Louisiana ... Louisiana ... they're trying to wash us away, they're trying to wash us away ...
As inconceivable as it is, New Orleans and the surrounding area is again in the eye of a storm that threatens destruction of such magnitude that almost 2 million people have been evacuated to avoid a repeat of the unspeakable catastrophe Hurricane Katrina left in its wake.
Our hearts are in our throats for people whose choices come down to, as one resident put it, "Do you leave it and worry about it, or do you stay and worry about living?" (According to today's paper, this person picked option 1, taking one of the last buses out of town.)

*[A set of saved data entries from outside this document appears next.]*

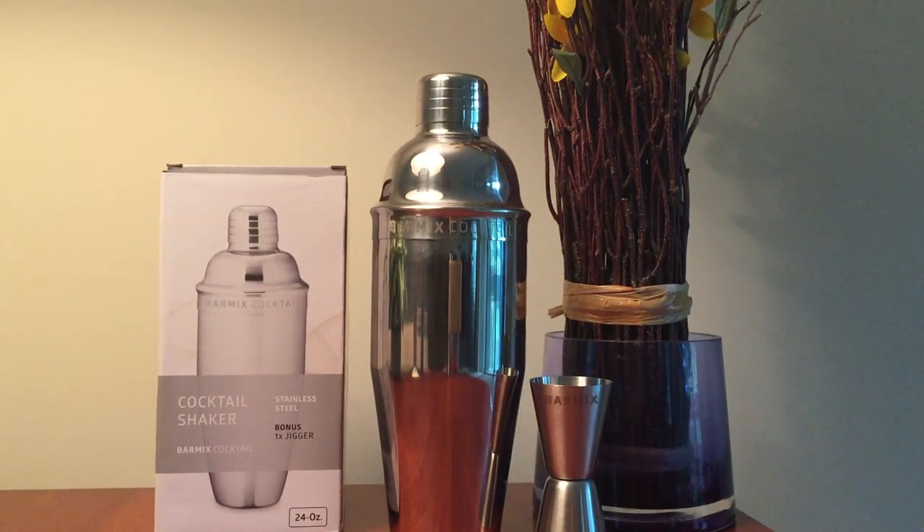Hi, today I'm reviewing the 24oz stainless steel bar mix cocktail shaker. If you're looking for something basic, then this would be the right one for you. This set will meet all your needs for your casual home bartending.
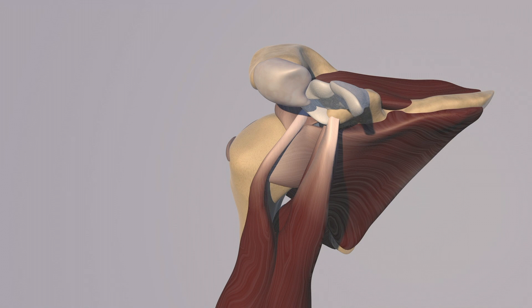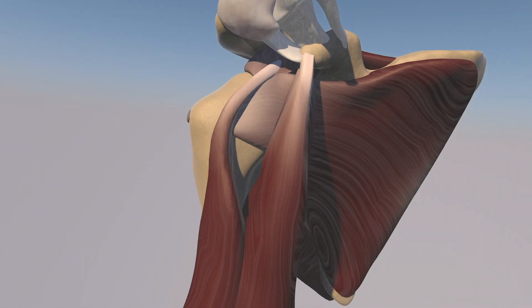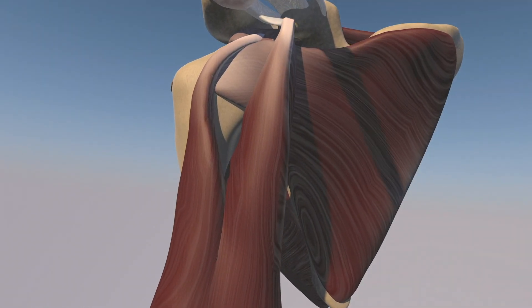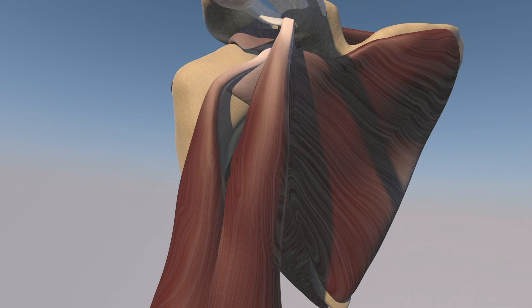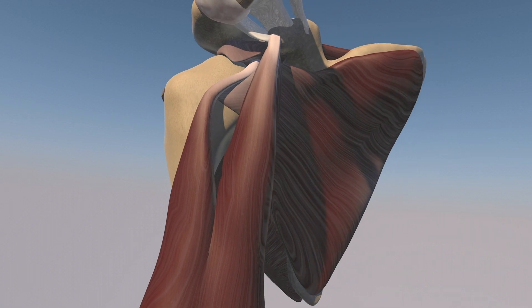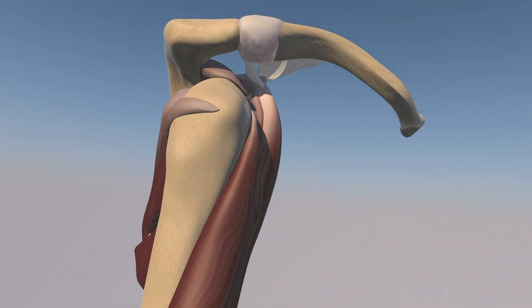He also has a complete tear of the supraspinatus tendon, which you can see here. And I believe he also has a high grade tear of the subscapularis tendon with a full thickness component as well. Therefore the biceps tendon has subluxed into this subscapularis tear, which you can see as the proximal biceps tendon subluxed medially.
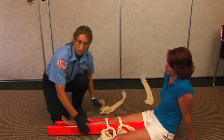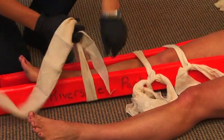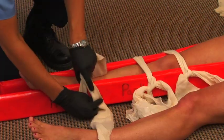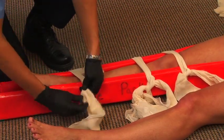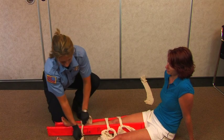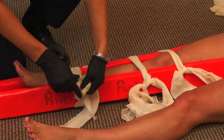Also place a cravat below the break. Do an overhand knot twice, and then do it the other way for a square knot.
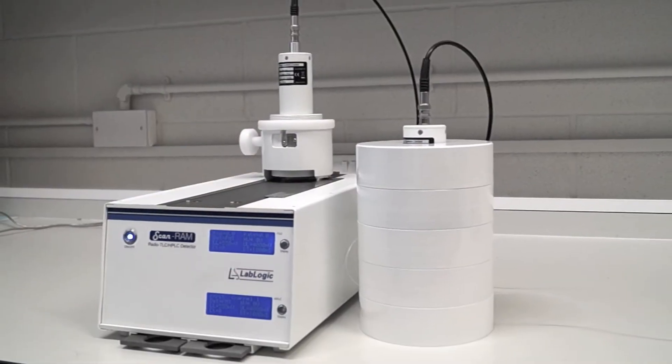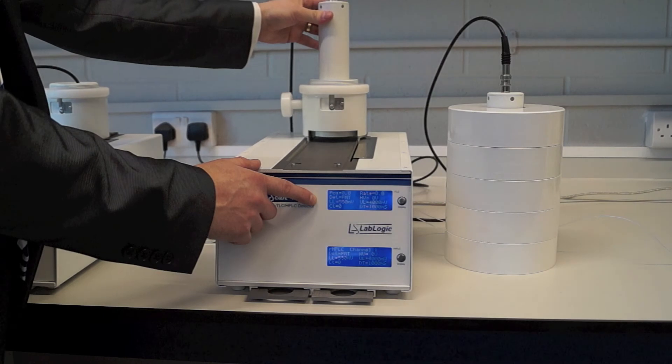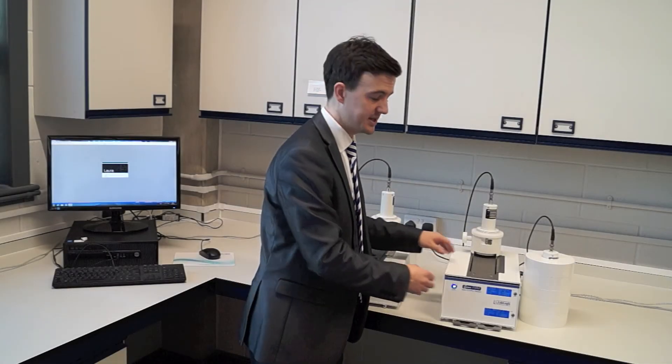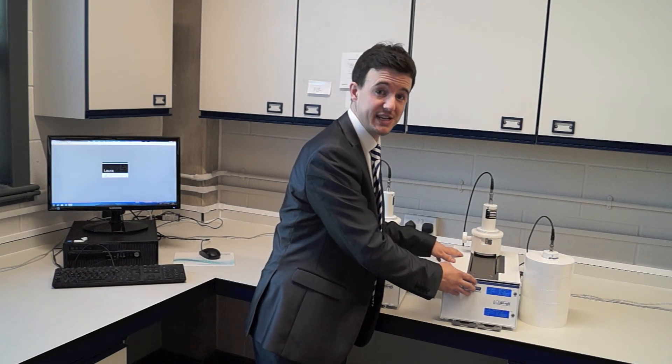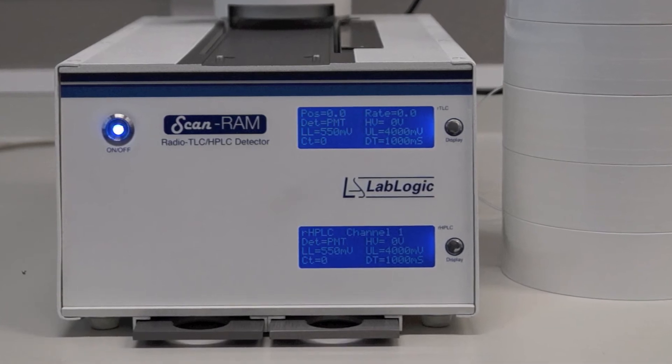Another product in the QC range is our Junescanram system, which is a very unique solution combining two technologies in one compact unit: radio TLC and radio HPLC. One point to note is that the electronics for TLC and HPLC are totally separate from one another, which means that you can use both systems independently and simultaneously in the lab.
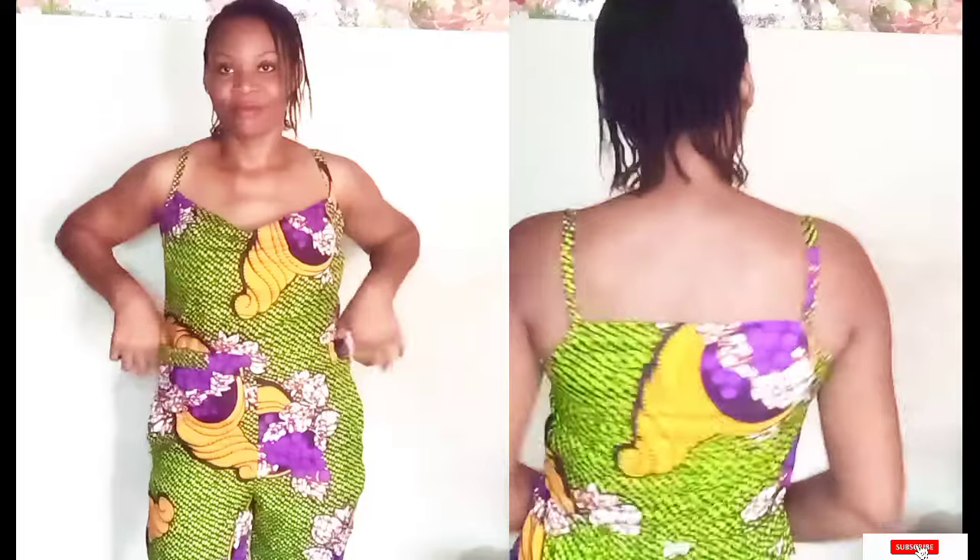Hey loves, welcome back to my channel. My name is Jenny, so if this is your first time here, thank you for stopping by, and also thank you to my loyal subscribers for all your support. Today's video is the making of this cowl neckline top, which is part of a two-piece outfit. If you're interested in how I made the short pants, I have that video on my channel. Without wasting any more time, don't forget to subscribe, like, and share this video — let's get into it.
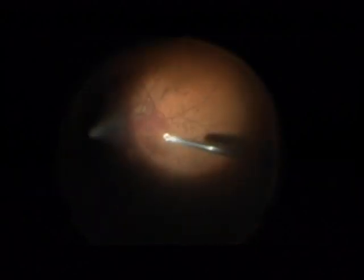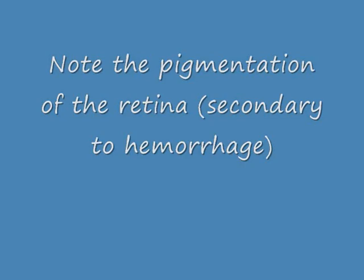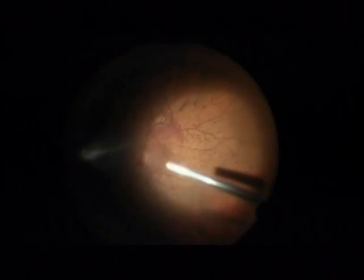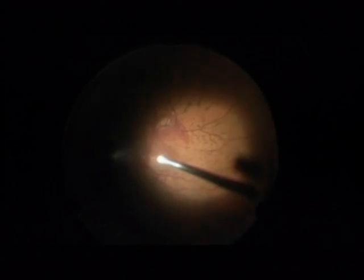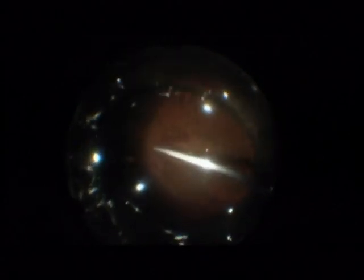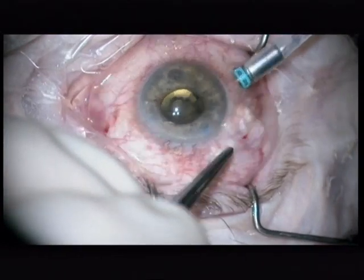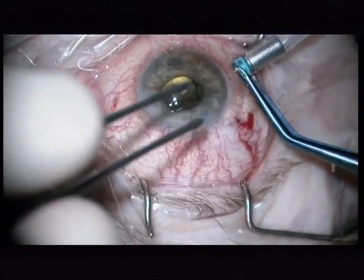I leave the vitreous base of this hemorrhage. Look now — there is a lot of pigmentation on the retina secondary to this hemorrhage, even here. I leave a lot of the vitreous base in order not to have a retinal break. Fluid-air exchange and removal of the trocar cannulas.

The last time this happened, Randy Newman's Louisiana 1927 became the unofficial anthem of those fellow citizens who were ravaged by Mother Nature and poor civil engineering - left to their own devices by every public official who could have lifted a finger and didn't. It appears that won't be the case this time; we won't watch in horror as the government "... sits on its hands while a major American city drowns before our eyes," as Barack Obama observed in his acceptance speech Thursday night. Amazing what can happen when indifference is replaced with competence, or at the very least, determination to do the right thing.
Newman's mother was from the city, and he found himself researching its history, including the 1927 flood of the Mississippi River that followed months of heavy rain - and the disgraceful, racist handling of that relief effort. I didn't know this song in 1975, only becoming aware of it when New Orleans native Aaron Neville recorded his deeply affecting version for the 1991 Warm Your Heart album and performed it live after he was driven from his home 15 years later by Katrina and another disgraceful, racist relief effort.
As pointed out in a New York Times article from earlier this year, Louisiana has become a folk song in that it has been adapted by other artists to make it more relevant to current events. References to President Coolidge changed to Bush, Evangeline morphed into Lower Nine, river became levee, and Newman's original acerbic lyric "cracker" is sometimes Creole, farmer or people ... However it's tweaked, it is vintage Randy Newman - simple, mournful, packing a huge punch.
Godspeed to all who are facing the trials and tribulations of the upheaval, and to all who decided to stay.